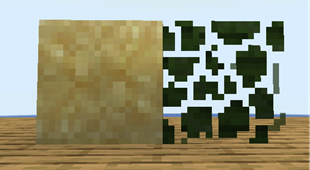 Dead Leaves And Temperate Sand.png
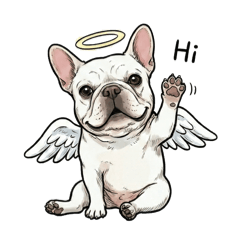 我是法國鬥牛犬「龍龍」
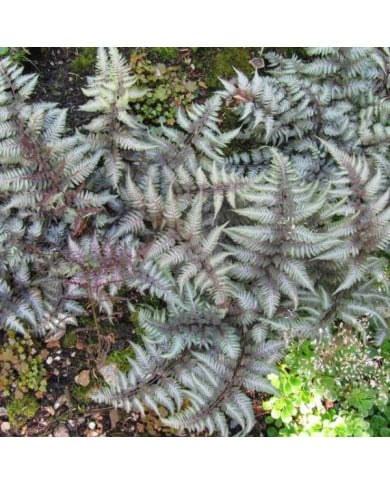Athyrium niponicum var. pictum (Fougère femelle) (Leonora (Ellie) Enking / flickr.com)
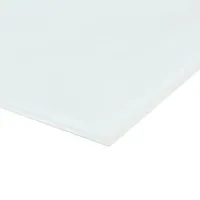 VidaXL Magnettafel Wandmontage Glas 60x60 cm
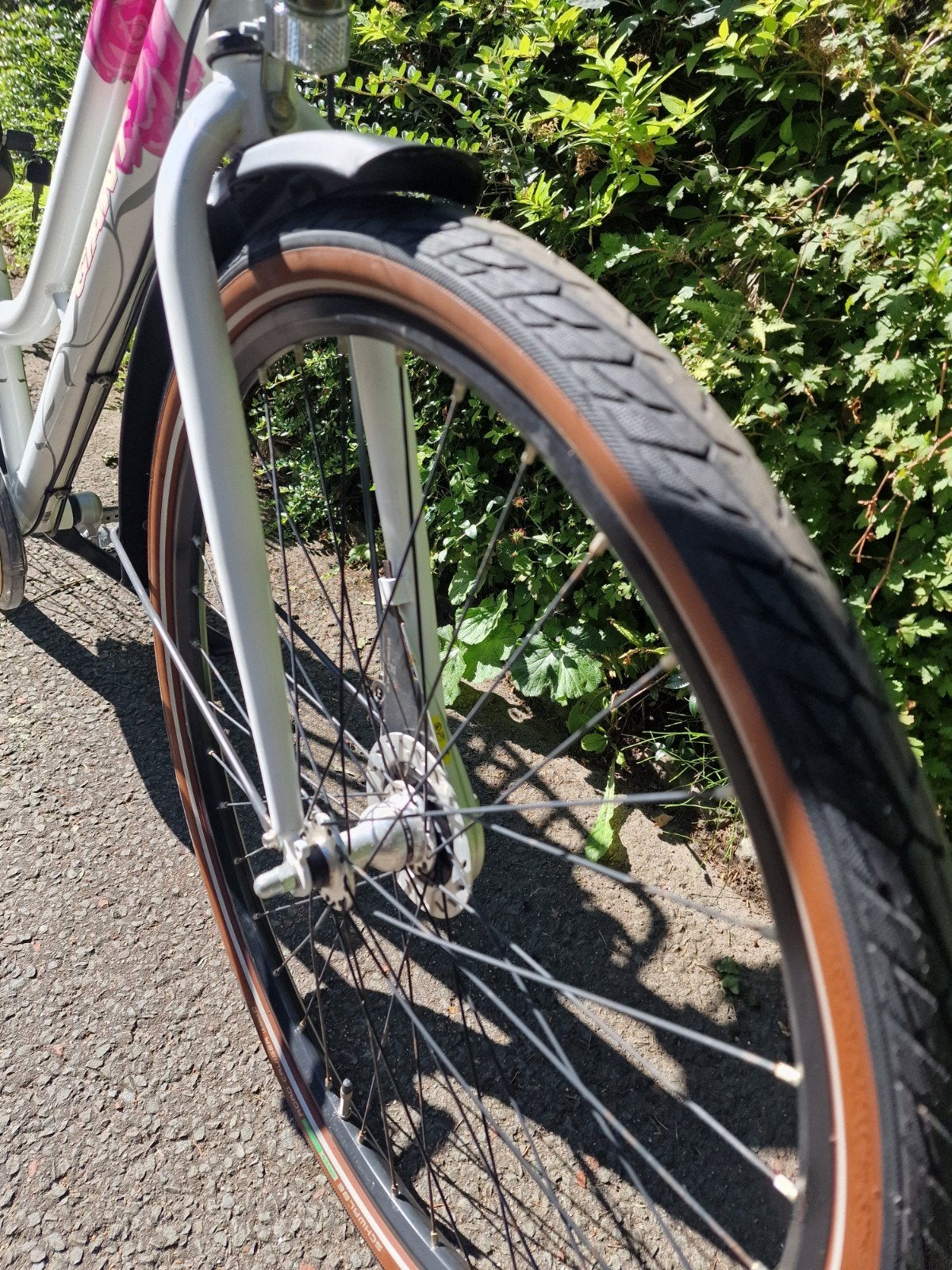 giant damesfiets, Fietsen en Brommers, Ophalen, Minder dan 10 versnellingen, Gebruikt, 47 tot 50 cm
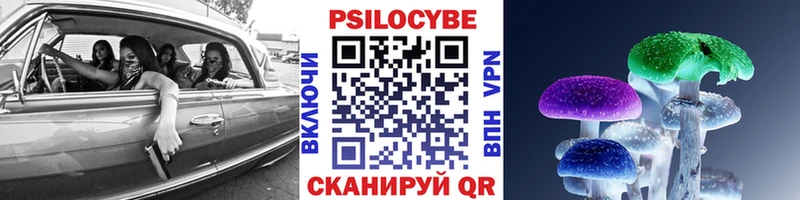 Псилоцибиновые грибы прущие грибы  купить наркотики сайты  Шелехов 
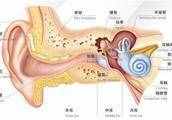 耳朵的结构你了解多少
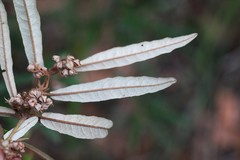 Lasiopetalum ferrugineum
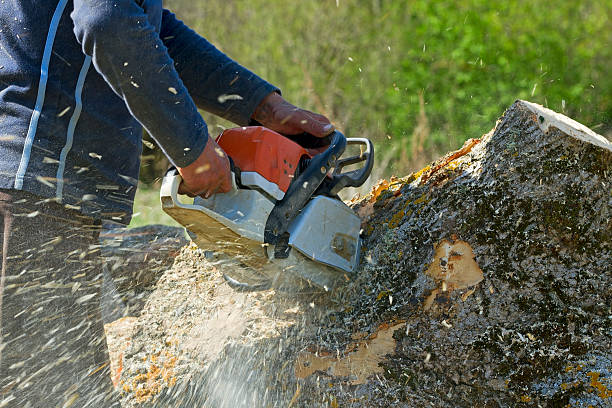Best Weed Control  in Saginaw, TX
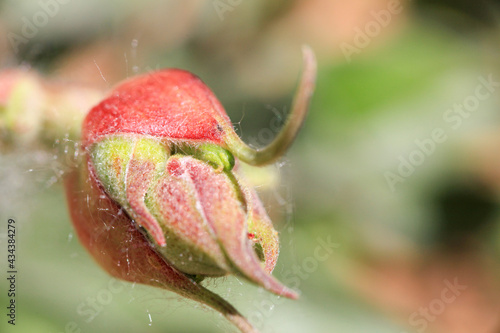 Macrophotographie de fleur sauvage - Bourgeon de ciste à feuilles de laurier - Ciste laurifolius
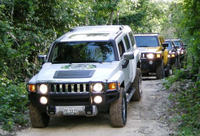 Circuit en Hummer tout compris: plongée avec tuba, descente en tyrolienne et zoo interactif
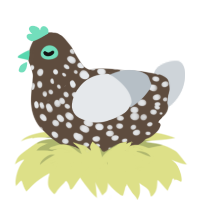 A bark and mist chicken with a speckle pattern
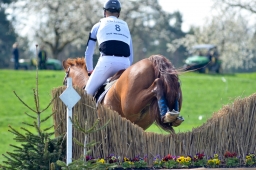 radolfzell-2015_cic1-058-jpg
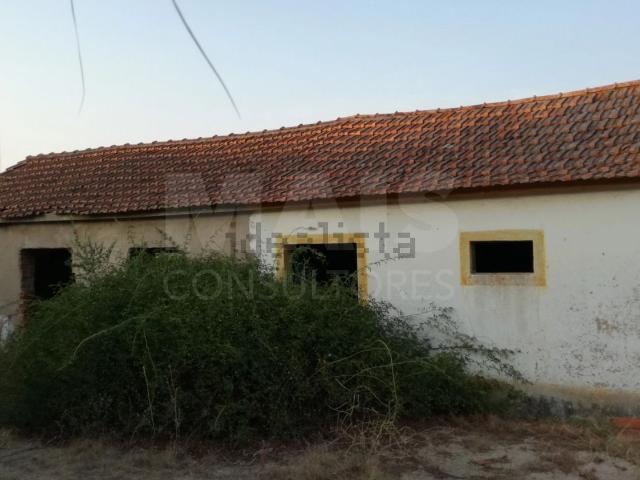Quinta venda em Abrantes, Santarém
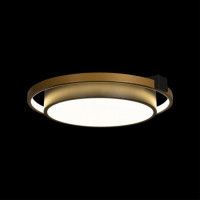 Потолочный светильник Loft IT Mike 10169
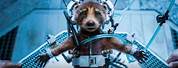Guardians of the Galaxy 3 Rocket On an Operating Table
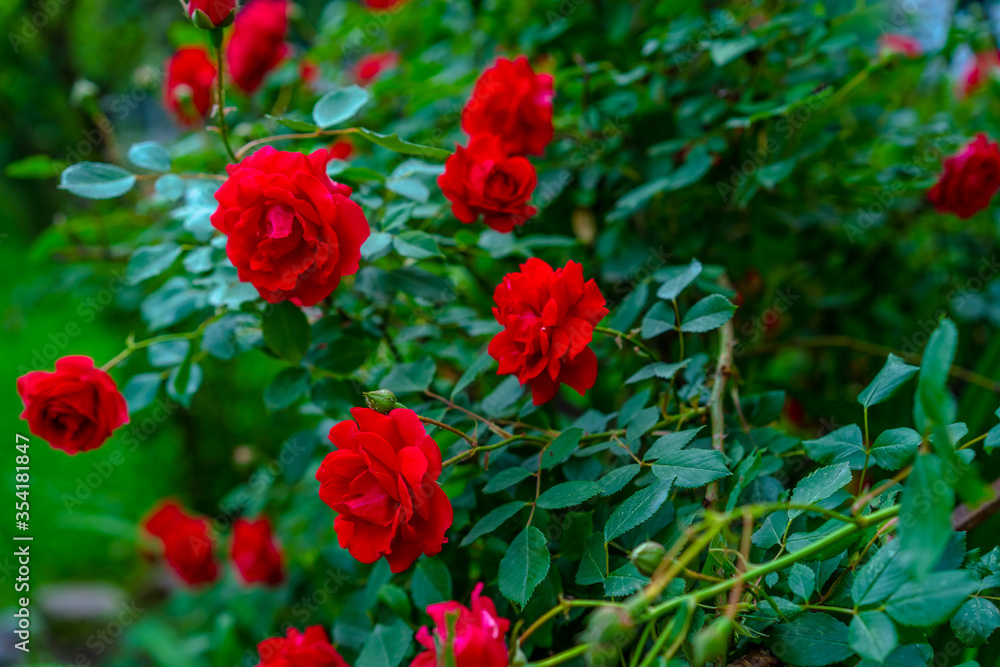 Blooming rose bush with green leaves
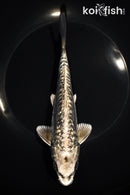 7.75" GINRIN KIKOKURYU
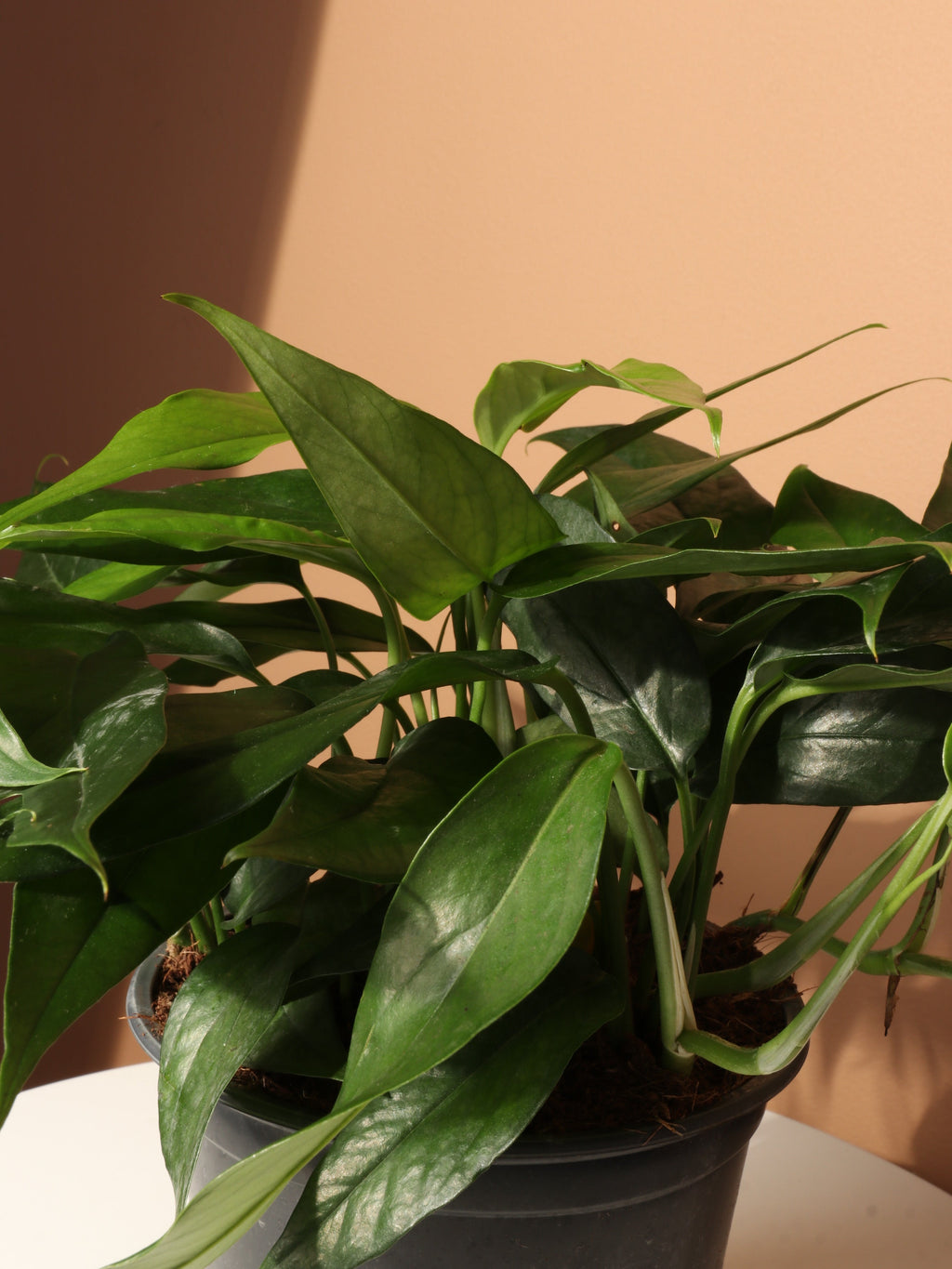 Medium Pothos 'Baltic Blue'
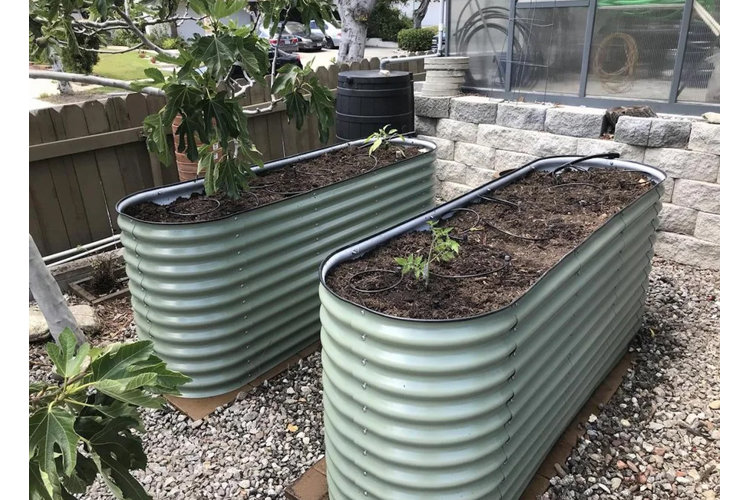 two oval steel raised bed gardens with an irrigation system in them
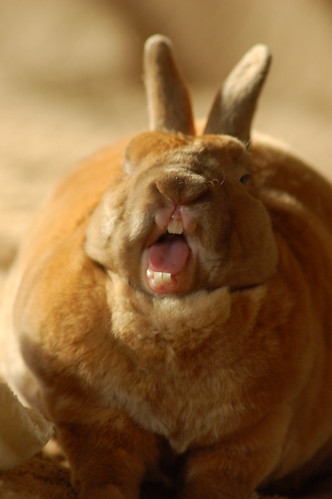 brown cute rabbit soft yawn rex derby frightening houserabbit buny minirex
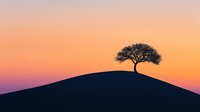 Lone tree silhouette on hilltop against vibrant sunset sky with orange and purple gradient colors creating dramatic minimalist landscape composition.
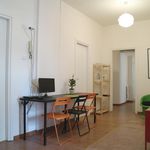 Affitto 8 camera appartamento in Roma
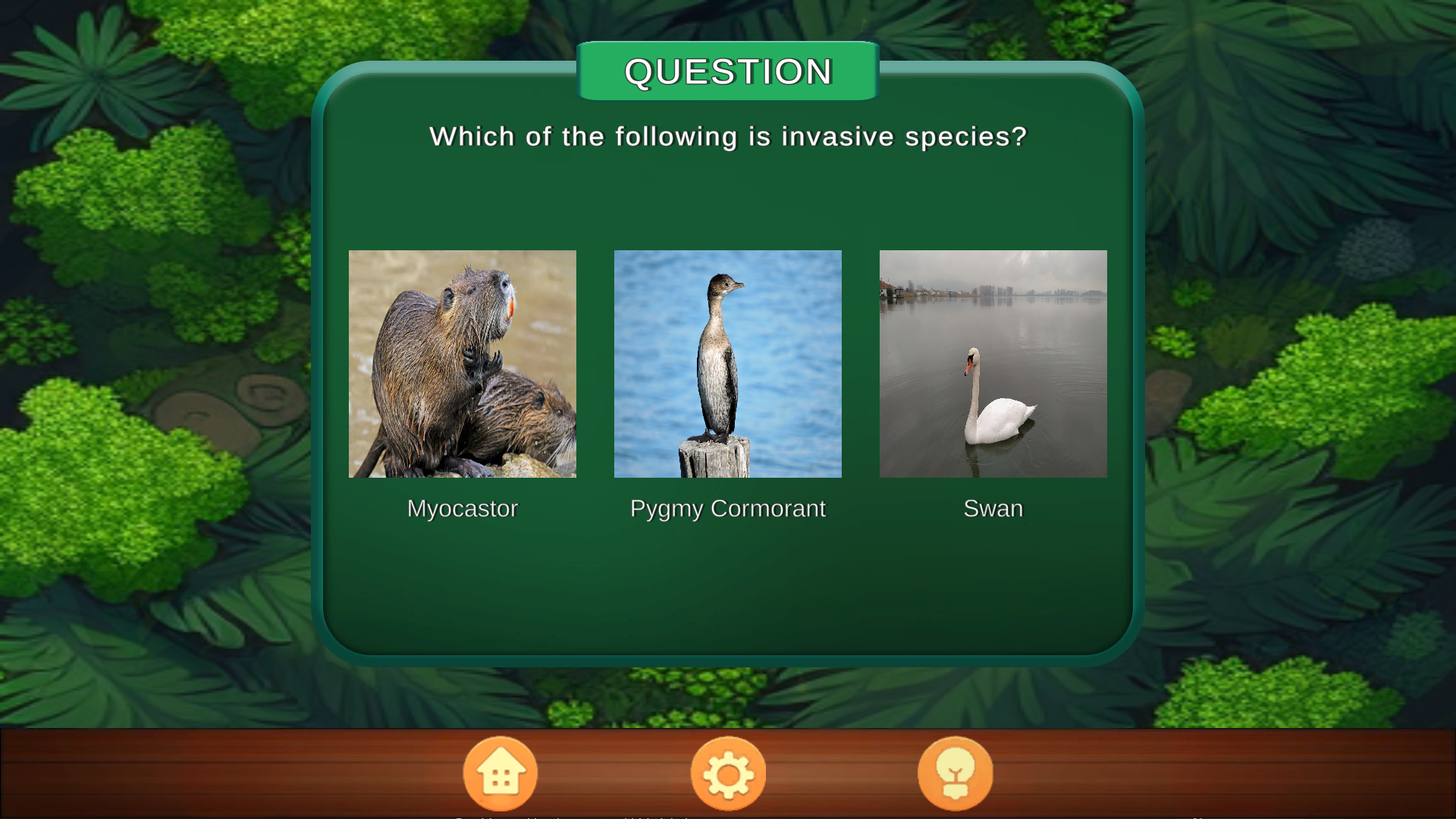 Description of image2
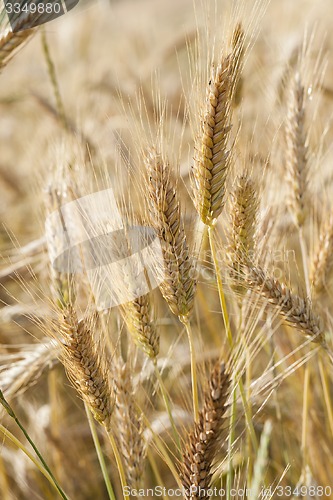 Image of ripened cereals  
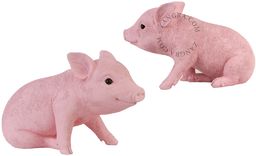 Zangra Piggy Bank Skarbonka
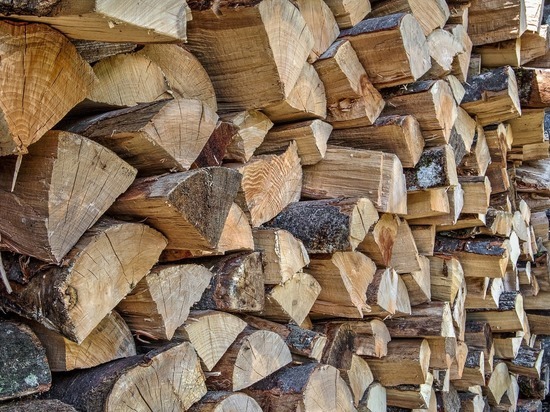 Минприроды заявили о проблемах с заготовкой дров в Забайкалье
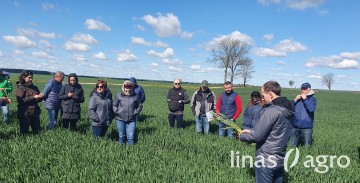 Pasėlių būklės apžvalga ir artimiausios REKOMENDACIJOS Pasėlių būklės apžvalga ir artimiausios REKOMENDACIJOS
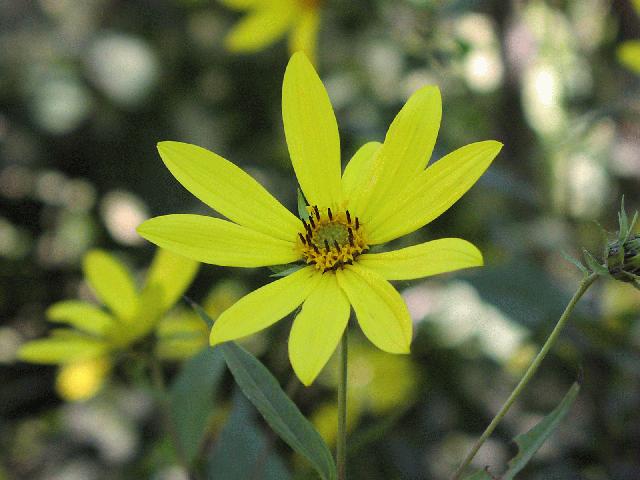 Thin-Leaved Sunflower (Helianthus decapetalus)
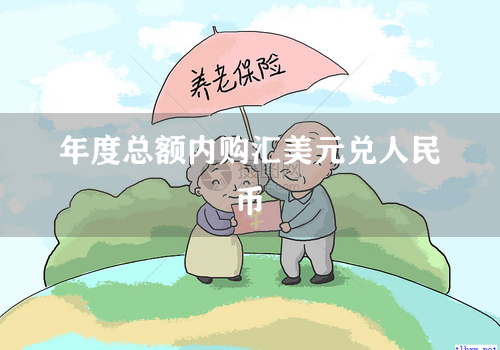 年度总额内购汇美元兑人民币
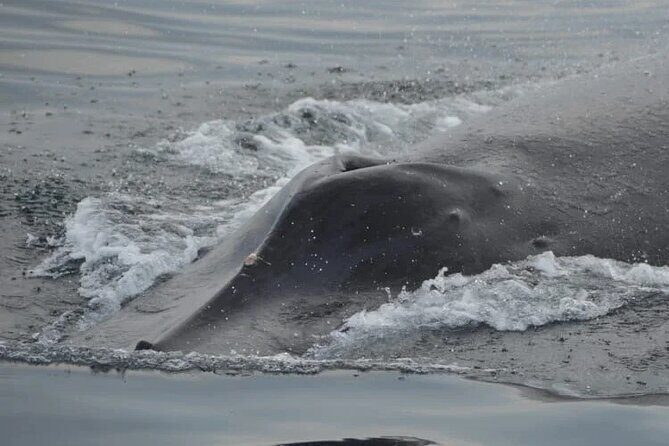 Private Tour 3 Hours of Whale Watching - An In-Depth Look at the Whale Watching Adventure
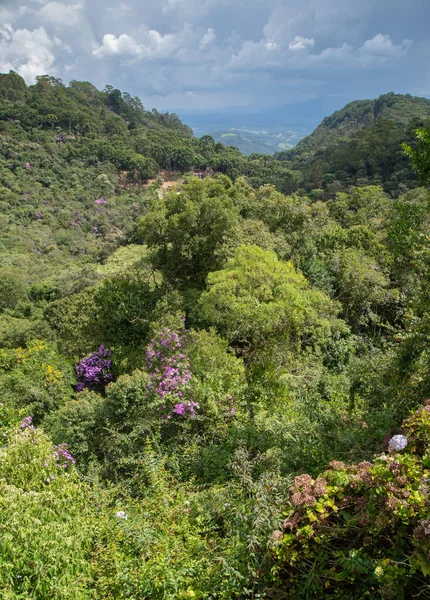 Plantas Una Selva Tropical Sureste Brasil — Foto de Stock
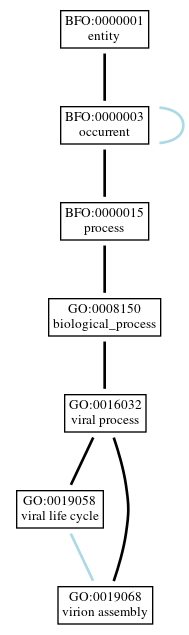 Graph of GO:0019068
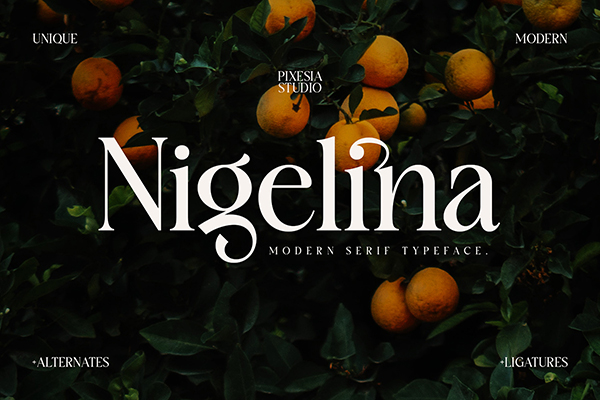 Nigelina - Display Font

• **How to complete this task**: Copy out the data above to the letter, and keep every picture out of it.

• **Answer space**:
 Dead Leaves And Temperate Sand.png
 我是法國鬥牛犬「龍龍」
Athyrium niponicum var. pictum (Fougère femelle) (Leonora (Ellie) Enking / flickr.com)
 VidaXL Magnettafel Wandmontage Glas 60x60 cm
 giant damesfiets, Fietsen en Brommers, Ophalen, Minder dan 10 versnellingen, Gebruikt, 47 tot 50 cm
 Псилоцибиновые грибы прущие грибы  купить наркотики сайты  Шелехов 
 耳朵的结构你了解多少
 Lasiopetalum ferrugineum
Best Weed Control  in Saginaw, TX
 Macrophotographie de fleur sauvage - Bourgeon de ciste à feuilles de laurier - Ciste laurifolius
 Circuit en Hummer tout compris: plongée avec tuba, descente en tyrolienne et zoo interactif
 A bark and mist chicken with a speckle pattern
 radolfzell-2015_cic1-058-jpg
Quinta venda em Abrantes, Santarém
 Потолочный светильник Loft IT Mike 10169
Guardians of the Galaxy 3 Rocket On an Operating Table
 Blooming rose bush with green leaves
 7.75" GINRIN KIKOKURYU
 Medium Pothos 'Baltic Blue'
 two oval steel raised bed gardens with an irrigation system in them
 brown cute rabbit soft yawn rex derby frightening houserabbit buny minirex
 Lone tree silhouette on hilltop against vibrant sunset sky with orange and purple gradient colors creating dramatic minimalist landscape composition.
 Affitto 8 camera appartamento in Roma
 Description of image2
 Image of ripened cereals  
 Zangra Piggy Bank Skarbonka
 Минприроды заявили о проблемах с заготовкой дров в Забайкалье
 Pasėlių būklės apžvalga ir artimiausios REKOMENDACIJOS Pasėlių būklės apžvalga ir artimiausios REKOMENDACIJOS
 Thin-Leaved Sunflower (Helianthus decapetalus)
 年度总额内购汇美元兑人民币
 Private Tour 3 Hours of Whale Watching - An In-Depth Look at the Whale Watching Adventure
 Plantas Una Selva Tropical Sureste Brasil — Foto de Stock
 Graph of GO:0019068
 Nigelina - Display Font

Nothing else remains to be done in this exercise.